Figure 7. For the 11-qubit system as an example, the qubit representation and the corresponding accesses to the qubit states by the threads, where targ is within a file segment.

Algorithm 1 is used by each simulation thread for calculating the index of the state file (e.g. “000” for thread 1 in Figure , where the first half-paired of state vectors is located, based on the tIdx (the identifier of each thread), targ, and bit shifting operations (lines 1–3). This algorithm is achieved by using binary numbers to index the files and threads. In this case, each simulation thread can calculate the file location for its own use by itself, avoiding the need for thread communications/synchronisations. Similarly, the second-half state vectors can be obtained by using the previously calculated intermediate value along with an XOR operation (line 4). It is noteworthy that in situations where a middle segment exists, necessitating the division of tidx by 2 to make thread access the file in pairs. For further information, kindly consult the open-source code. Lastly, by utilising the proposed segmentation and algorithms, the simulator can effectively execute diverse analyses and extend its functionality to include additional qubit gates such as CNOT, Toffoli, and others in a prompt manner.

4. Implementation remarks

In comparison to the memory-based quantum circuit simulations, which rely heavily on the virtual memory systems supported by underlying operating systems, the storage-based simulations involve file reads/writes that are more sophisticated than simple memory reads/writes since the secondary memory usually has a higher accessing latency and various technologies have been developed in order to achieve high performance for file operations. The following subsections give the design considerations that are critical to the development of a high-performance storage-based quantum circuit simulator. In particular, the parallel I/O operations and the file system support for a high-performance file I/O are discussed in Section 4.1. The configuration of the file system organisation would affect the delivered simulation performance and is discussed in Section 4.2. The direct I/O support is discussed in Section 4.3 to further shorten the data accessing latency when the I/O bandwidth becomes the system bottleneck (it happens when simulating a large qubit system). The configuration of the three segments is vital to the simulation performance and is discussed in Section 4.4.

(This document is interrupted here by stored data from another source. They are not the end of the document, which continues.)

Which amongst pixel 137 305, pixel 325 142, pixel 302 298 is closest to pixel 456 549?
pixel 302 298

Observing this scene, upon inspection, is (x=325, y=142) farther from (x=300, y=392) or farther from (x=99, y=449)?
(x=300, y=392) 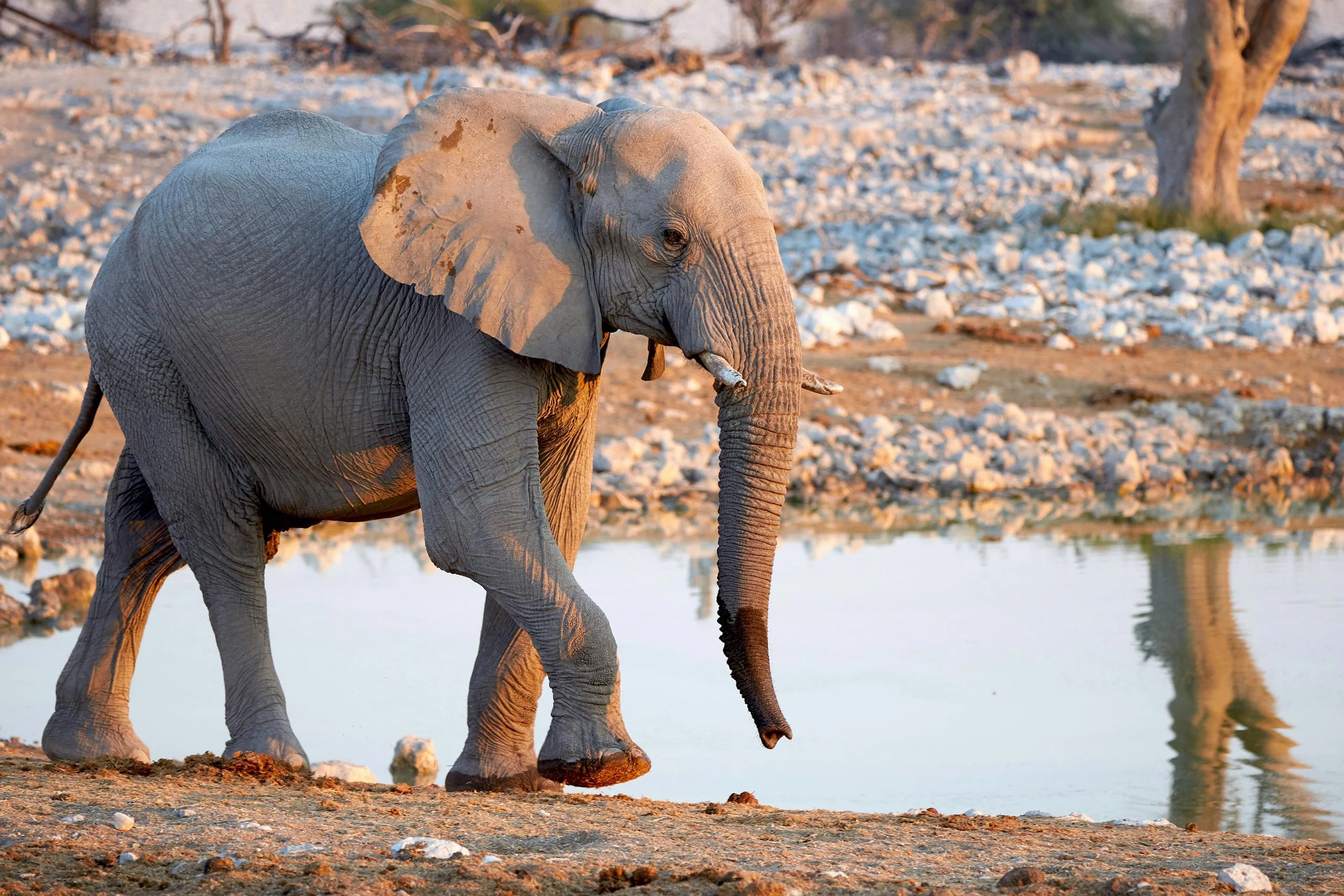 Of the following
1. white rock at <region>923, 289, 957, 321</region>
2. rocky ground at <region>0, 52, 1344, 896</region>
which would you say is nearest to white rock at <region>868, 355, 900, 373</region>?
rocky ground at <region>0, 52, 1344, 896</region>

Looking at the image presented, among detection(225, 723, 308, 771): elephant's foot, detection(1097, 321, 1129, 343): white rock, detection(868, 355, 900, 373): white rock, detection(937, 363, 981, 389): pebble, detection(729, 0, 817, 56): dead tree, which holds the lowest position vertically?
detection(225, 723, 308, 771): elephant's foot

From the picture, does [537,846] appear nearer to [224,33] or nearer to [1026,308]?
[1026,308]

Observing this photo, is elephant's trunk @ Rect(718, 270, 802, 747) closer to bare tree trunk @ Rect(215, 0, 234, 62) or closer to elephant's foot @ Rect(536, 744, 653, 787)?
elephant's foot @ Rect(536, 744, 653, 787)

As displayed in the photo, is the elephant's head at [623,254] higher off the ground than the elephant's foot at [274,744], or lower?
higher

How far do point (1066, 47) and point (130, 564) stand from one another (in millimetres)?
31750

4.1. Parallel I/O reads and writes

The parallel quantum circuit simulation is facilitated largely by the parallel IO operations done between the main memory and the storage devices, as shown in Figures and , where the states of qubits are kept in the state files and the main memory is served as the buffer for the quantum circuit simulator to operate on. Instead of using the read/write functions provided by the standard C library, such as fread and fwrite, the Linux standard system calls pread and pwrite are used to handle the accesses to the state files in the multithreaded environment. While accessing to these files, their file contents are buffered in the page cache maintained by the underlying operating system to shorten the data access time. However, the access time degrades when the data size grows larger than that of the page cache. In this case, extra efforts should be made, as will be discussed in Sections 4.3 and 5.2.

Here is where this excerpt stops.